-- Data for the task follows --

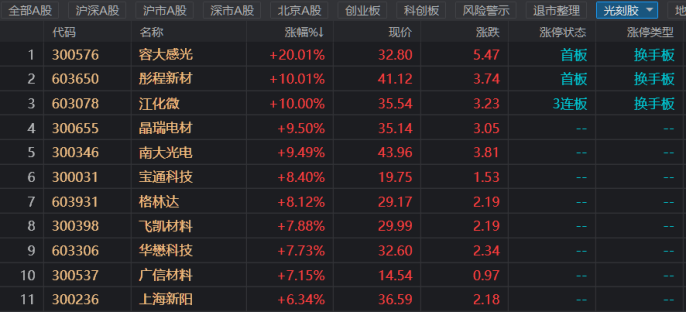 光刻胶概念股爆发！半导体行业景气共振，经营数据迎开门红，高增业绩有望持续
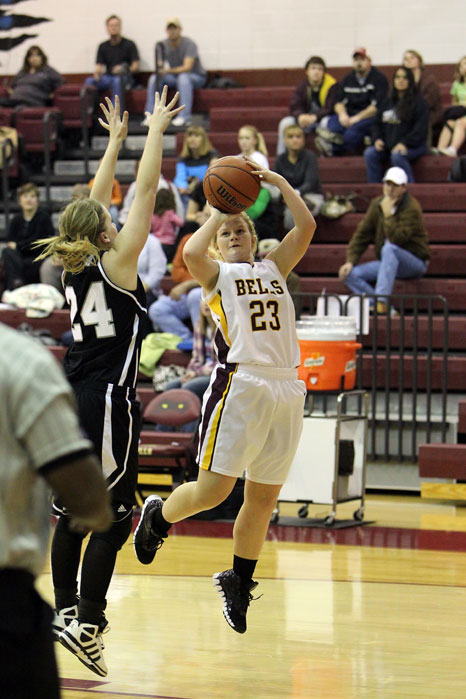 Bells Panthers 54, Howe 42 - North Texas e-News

-- Data for the task concluded --
-- Data for the task follows --

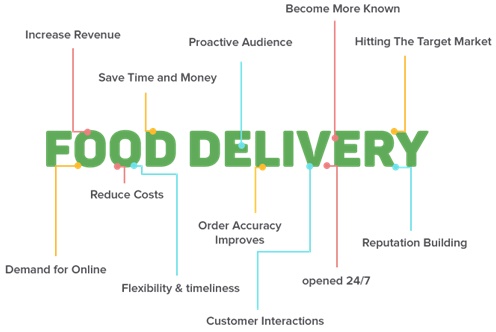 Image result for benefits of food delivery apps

-- Data for the task concluded --

• **Exercise objective**
Using the material above, reproduce only the lines that run from the line with "光刻胶概念股爆发！半导体行业景气共振，经营数据迎开门红，高增业绩有望持续" up to and including the line with "Bells Panthers 54, Howe", exactly, with the pictures dropped.

• **Response box**
 光刻胶概念股爆发！半导体行业景气共振，经营数据迎开门红，高增业绩有望持续
 Bells Panthers 54, Howe 42 - North Texas e-News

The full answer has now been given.